La ciudad, la igualdad y el desorden de la democracia

Juan Manuel Ledesma
[email protected]

Sócrates: Ciertos sabios, Calicles, dicen que el cielo, la tierra, los dioses y los hombres forman, juntos, una comunidad por medio de la amistad, el amor del orden, de la templanza y el sentido de la justicia. Por esta razón, querido mío, a este todo lo llaman Kosmos u orden del mundo y no desorden y desenfreno. Me parece que tú no fijas la atención en estas cosas, aunque eres sabio. No adviertes que la igualdad geométrica es todopoderosa entre los dioses y entre los hombres; piensas, por el contrario, que es preciso aspirar a tener más que los demás, porque descuidas la geometría.

Platón, Gorgias

 

Para Occidente, Grecia es y siempre ha sido el punto de partida, el comienzo y el origen, la fundación misma de lo que, a pesar de todo cambio o mutación histórica, permanece idéntico a sí: su difícil y problemática “identidad”. A pesar de las discrepancias que se puedan invocar al respecto, de todas las perspectivas o fuentes que efectivamente alimentaron la historia de Occidente, es difícil negar que uno de los confluentes más importante, significativo y primordial en la constitución histórica de su “identidad”–en todo caso determinante en su búsqueda sin fin–, proviene de su devoción, por no decir obsesión, por la Antigua Grecia (ya sea como resultado del reconocimiento de su realidad histórica o como efecto de su fantasía, o idealización). Incluso si invocamos el cristianismo, cuyo origen es el Antiguo Testamento y no el Partenón o la Academia, no podemos olvidar que el pasaje del Antiguo al Nuevo Testamento coincide, precisamente, con el paso, la travesía y la traducción de la cultura y religión judías al mundo griego: Dios es llamado Logos. Grecia es fundamental, fundacional. Pero, ¿por qué razón?, cabe preguntarse. O más bien: ¿qué sucedió en Grecia –o de qué suceso Grecia es el nombre– para que, de manera obsesiva, nuestra cultura vuelva incesantemente a ella como uno vuelve a la tierra natal, imposible de olvidar?

Lo que sucedió en Grecia, el acontecimiento fundamental y fundacional que lleva su nombre se desplegó en la ciudad-estado llamada Atenas. Atenas condensa la esencialidad que Occidente atribuye al nombre propio “Grecia”, porque en ella nació y murió un experimento singular y transformador; experiencia revolucionaria llamada democracia.
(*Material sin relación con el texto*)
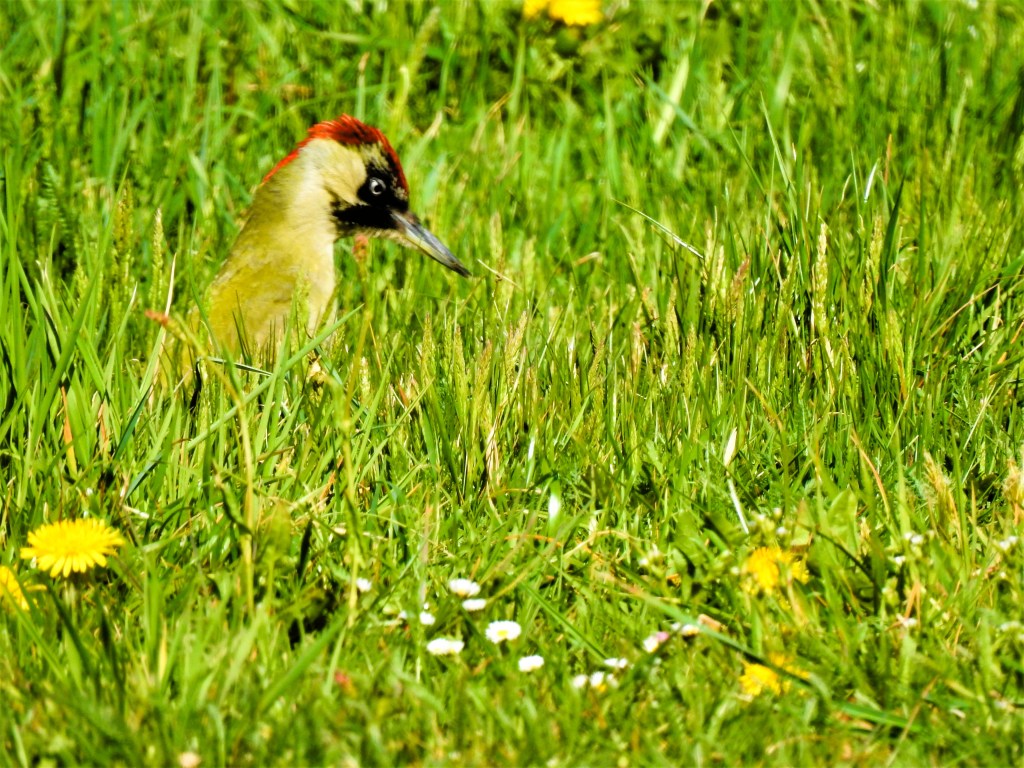 Ein Grünspecht steht im Gras zwischen gelben Löwenzahnblüten und weißen Gänseblümchen.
Todo otro acontecimiento que el nombre de Atenas encierra –la arquitectura, la escultura, la tragedia, la filosofía, la sofística, la ciencia, etc.–; todo lo que, justamente, Occidente reclama como su bagaje fundacional, fue posible únicamente dentro de la democracia y gracias a ella; es decir, gracias a lo que en ella se liberó: la libertad política o, como Platón lo dirá, la libertad del deseo. La democracia ateniense es, en todo caso, el modelo a imitar, el ejemplo a seguir –como lo enuncia Pericles en la historia de Tucídides– no sólo por parte de las otras polis de la Antigüedad, sino por las que vendrán a alimentar su mito, al ser el modelo intemporal y arquetípico de toda la construcción histórica y política –mimética podríamos decir– de Occidente. No es un azar si, aún hoy en día, nuestro dilema fundamental sigue siendo la (im)posibilidad de la democracia, la posible-imposible reconstrucción, repetición o imitación (mimesis) del modelo originario.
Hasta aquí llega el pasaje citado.